====== Available data ======

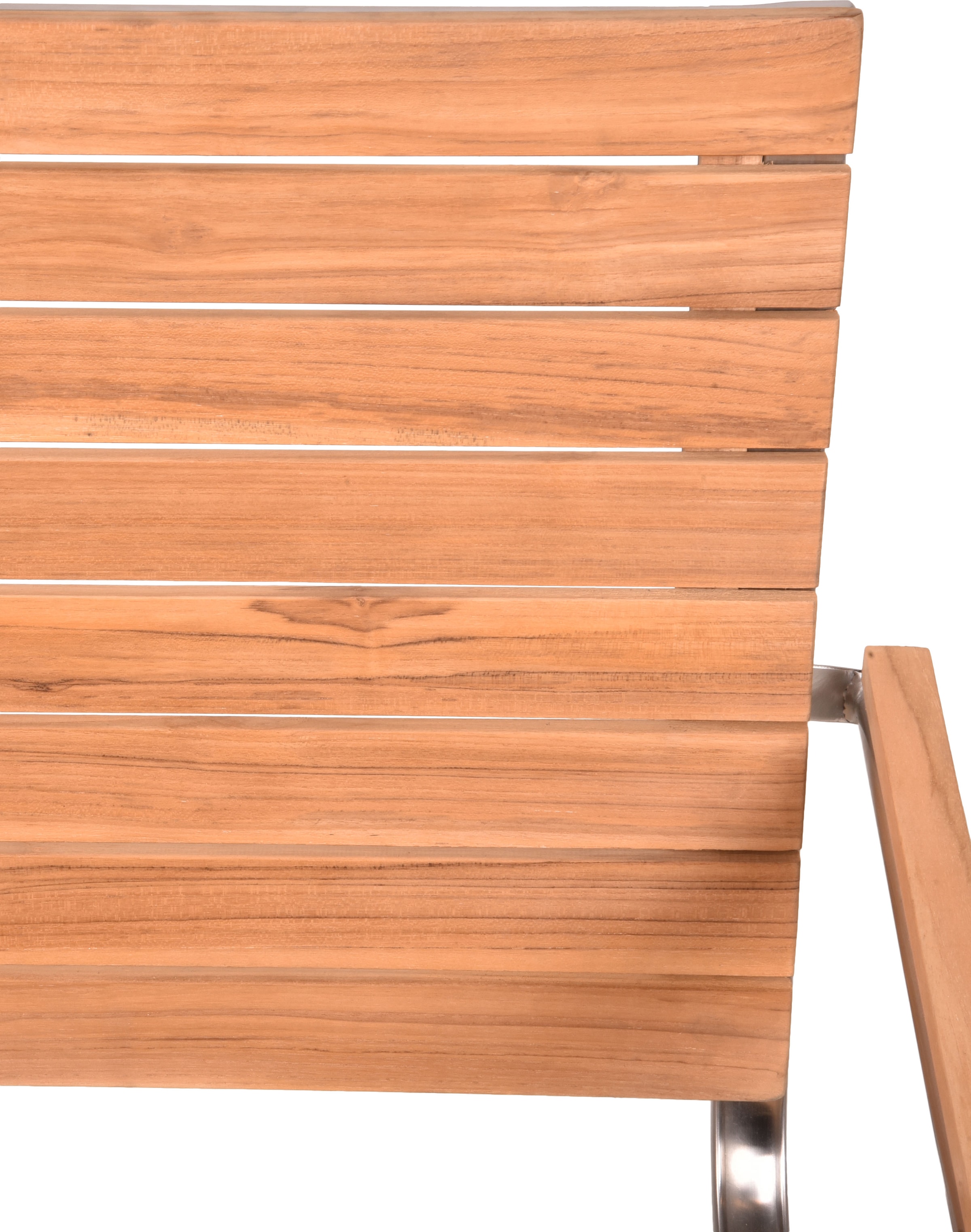 Garden Pleasure Garten-Essgruppe », Tischgruppe »DALLAS/DENVER Set 05«« Set, 5 Stk. tlg. 4 Stühle (stapelbar), Tisch LxB: 200x90 cm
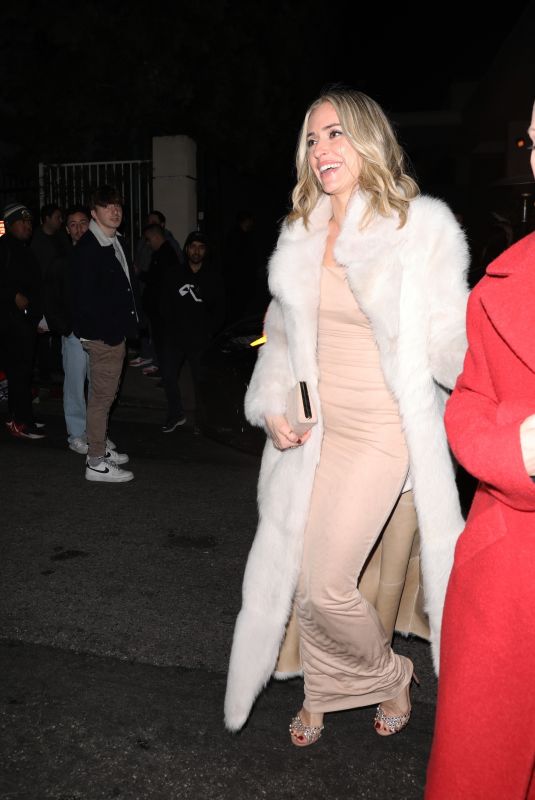 KRISTIN CAVALLARI Leaves Seth MacFarlane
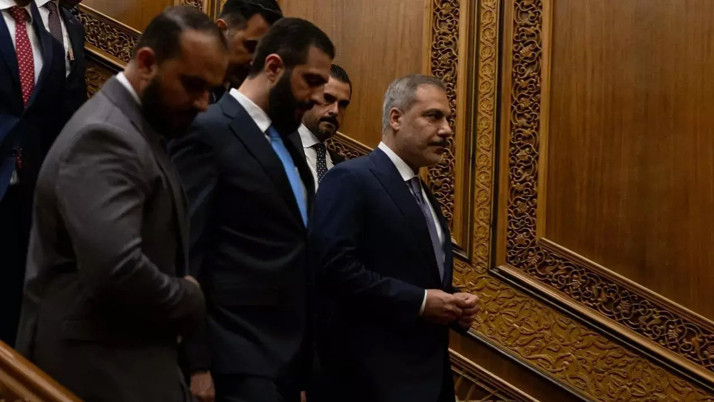 Bakan Fidan'dan Suriye'de Şara ile görüşme sonrası açıklama!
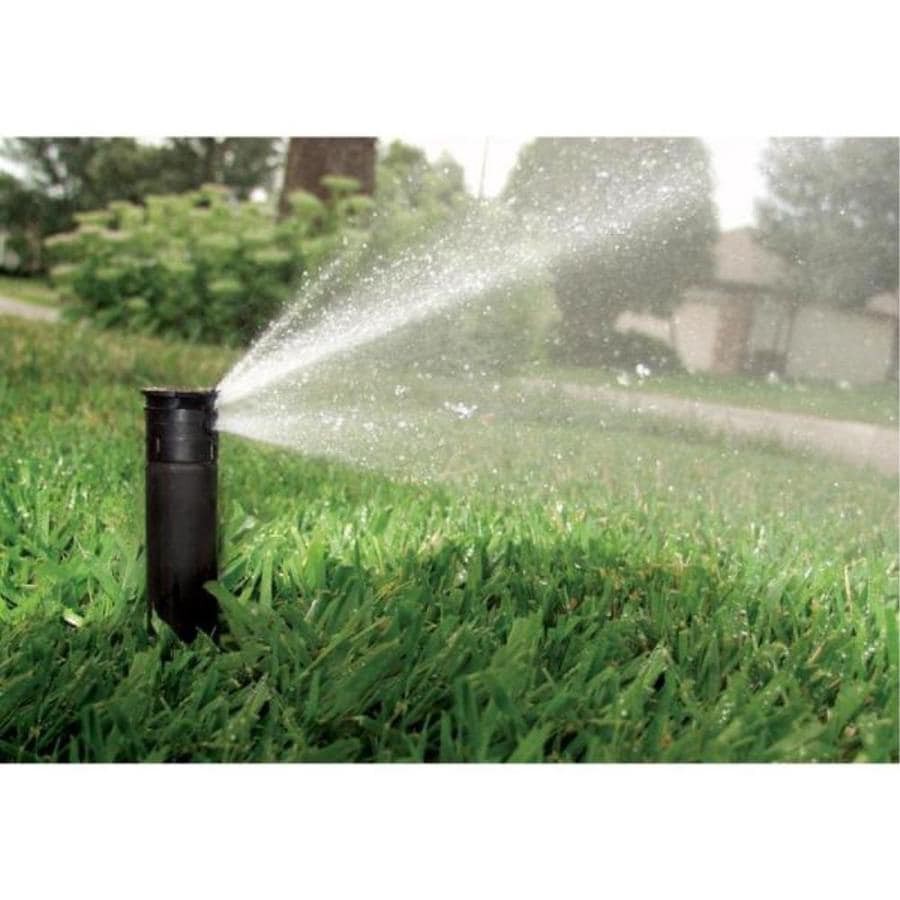 slide 5 of 6, Rain Bird 8-ft - 15-ft Half-circle Spray 3-in Pop-up spray head sprinkler, 1 ct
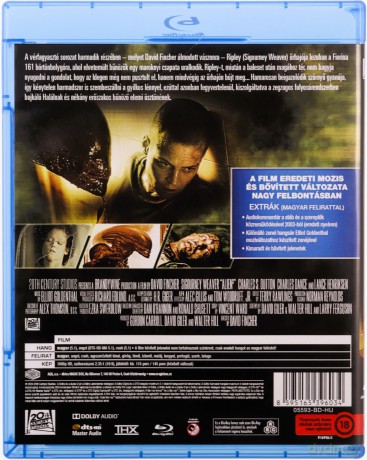 Obcy 3 [Blu-Ray]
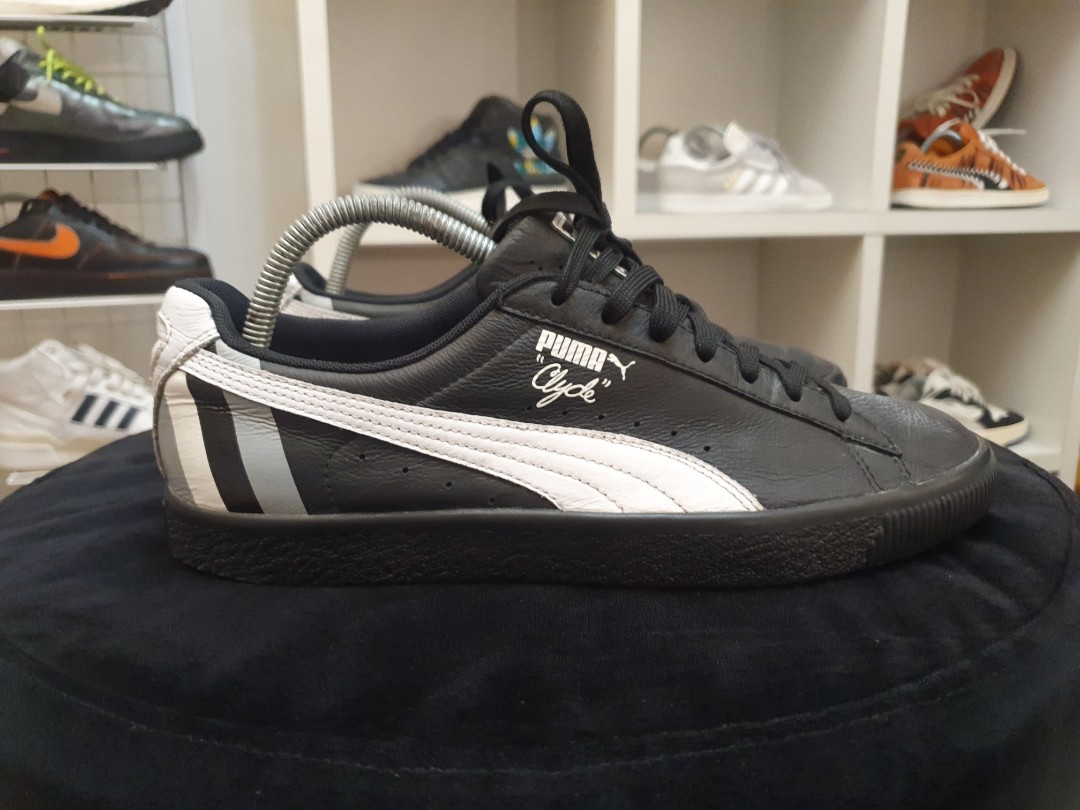 detergente Soportar lo mismo Puma Clyde leather, Men's Fashion, Footwear, Sneakers on Carousell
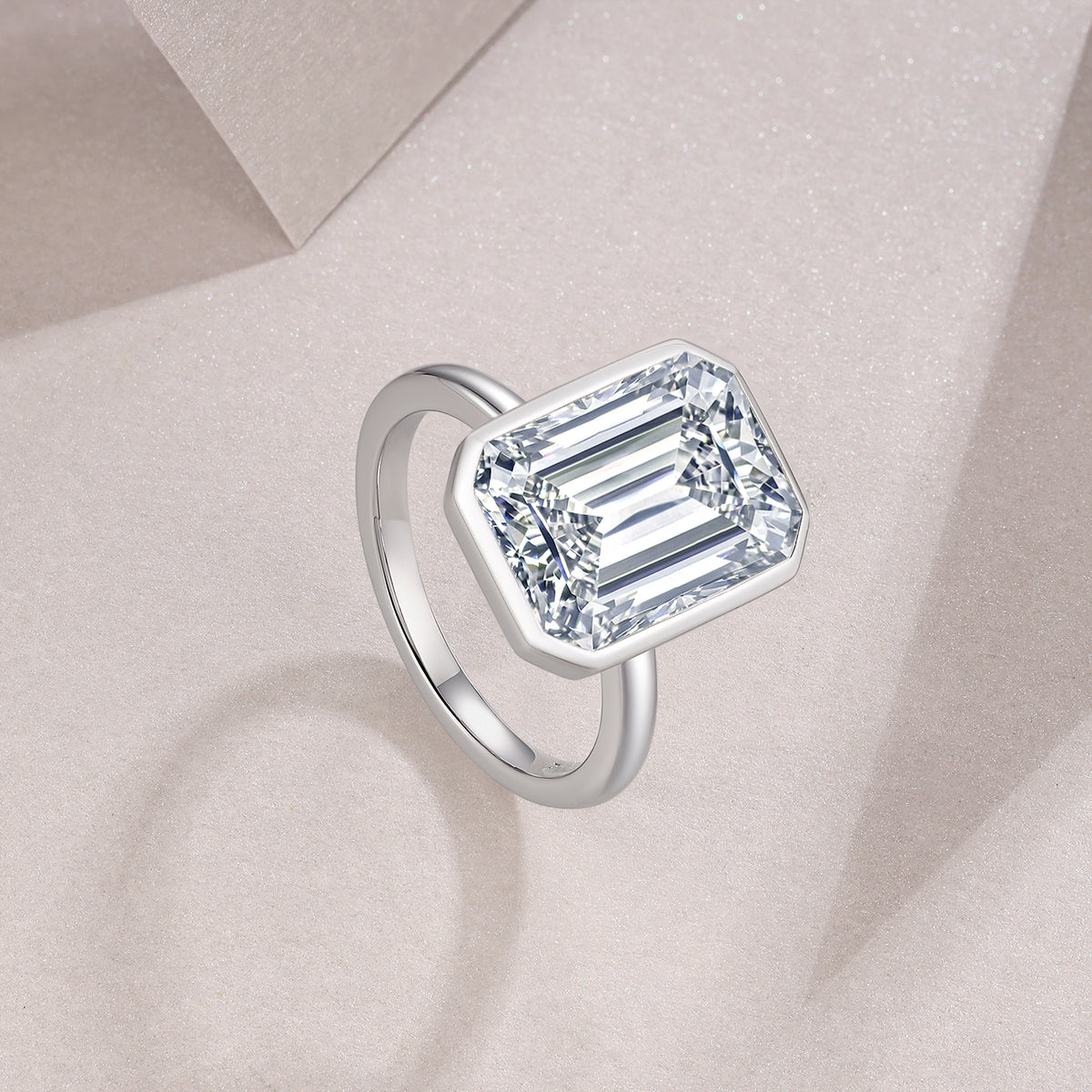 Carissie Ring MF216680 - Silver Angle View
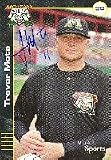 Trevor Mote, Michigan Battle Cats - Astros Affiliate Autographed Card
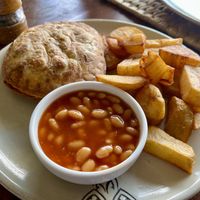 Vegan Pie  at New Leaf Eatery in Siem Reap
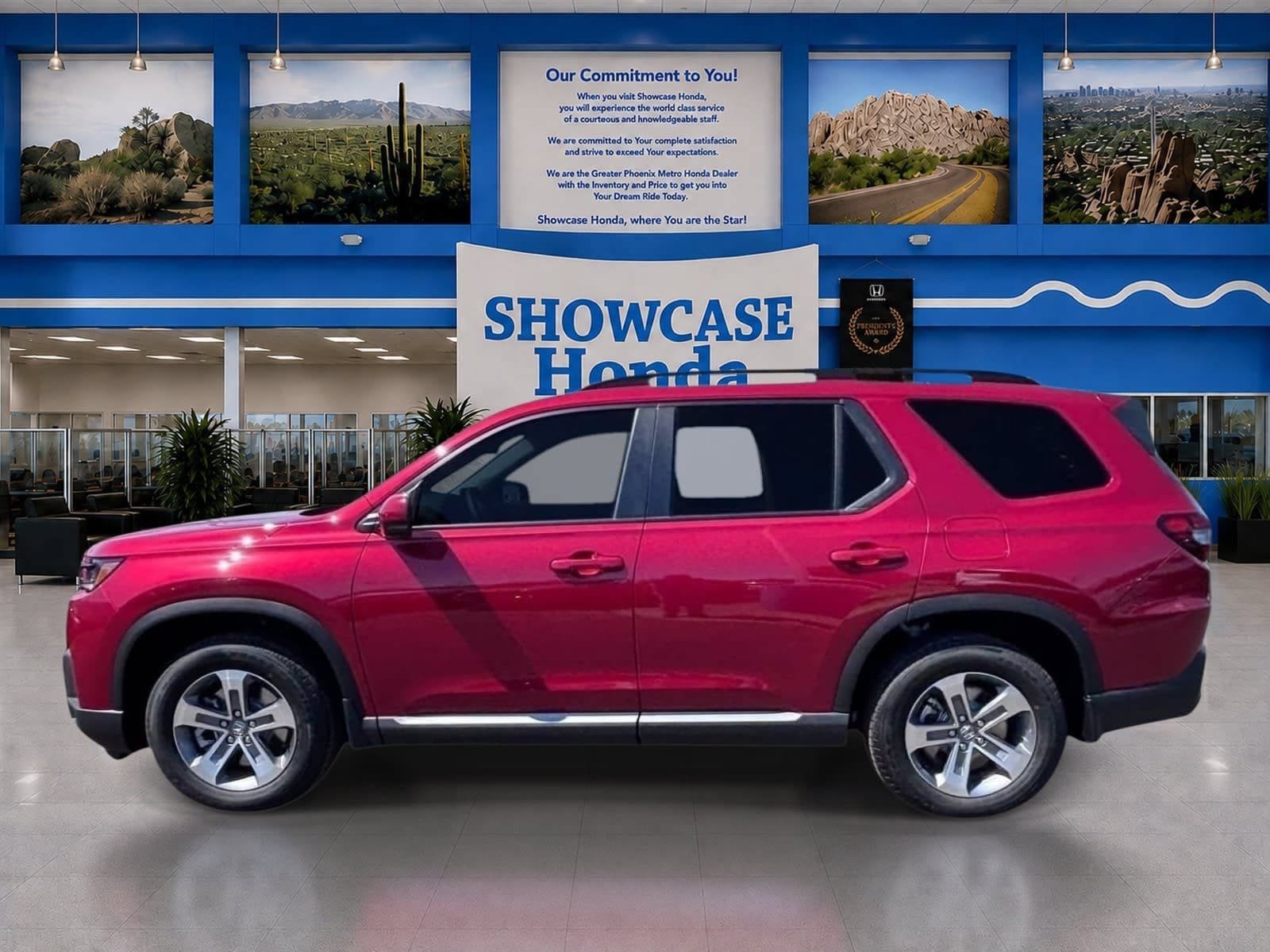 New 2026 Honda Pilot EX-L image 3
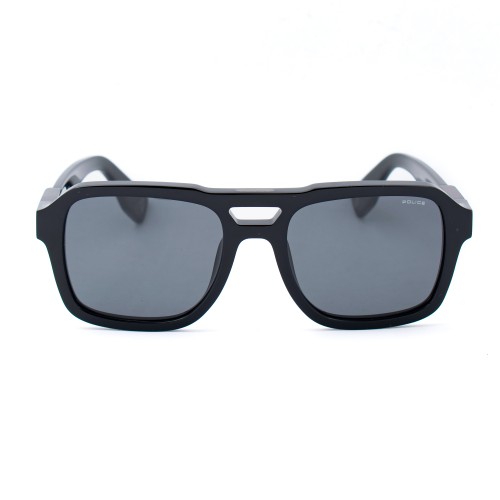 SUNGLASSES POLICE MAN SPLN65-550700 (Lens/Bridge/Temple) 55/20/145 mm)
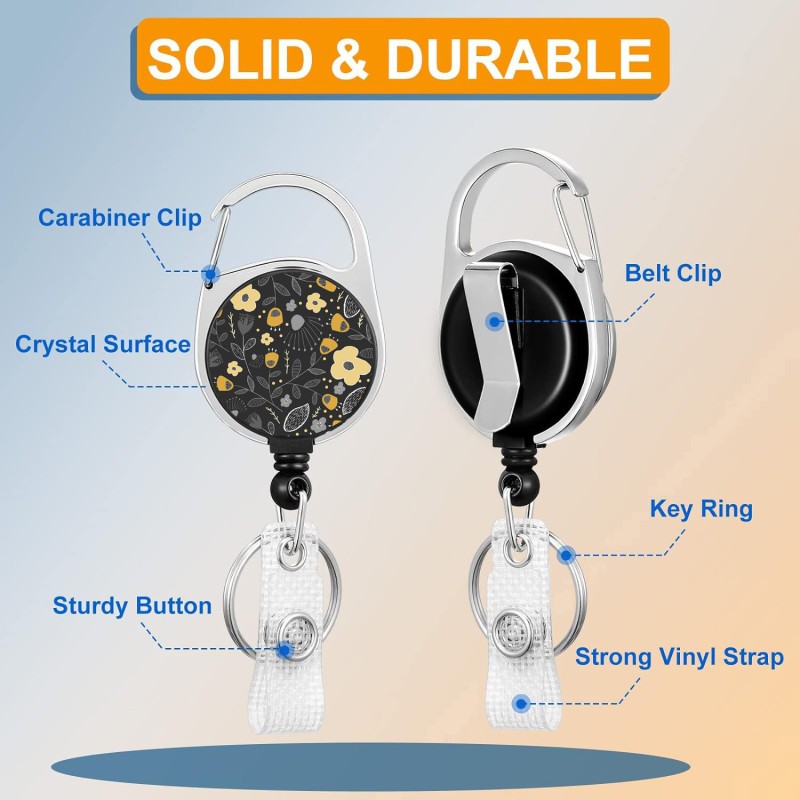 بطاقة العمل عبر الحدود من قطعة واحدة مع حبل معلق العنق تلسكوبي مشبك الموظفين بطاقة الصدر بطاقة حافلة مجموعة العلامة التجارية الأرز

======

## Your assignment
Please reproduce the entries above exactly, from their first line to the line holding "Obcy 3 [Blu-Ray]" inclusive, and nothing else; the pictures stay out.

## Exercise solution
 Garden Pleasure Garten-Essgruppe », Tischgruppe »DALLAS/DENVER Set 05«« Set, 5 Stk. tlg. 4 Stühle (stapelbar), Tisch LxB: 200x90 cm
 KRISTIN CAVALLARI Leaves Seth MacFarlane
 Bakan Fidan'dan Suriye'de Şara ile görüşme sonrası açıklama!
 slide 5 of 6, Rain Bird 8-ft - 15-ft Half-circle Spray 3-in Pop-up spray head sprinkler, 1 ct
 Obcy 3 [Blu-Ray]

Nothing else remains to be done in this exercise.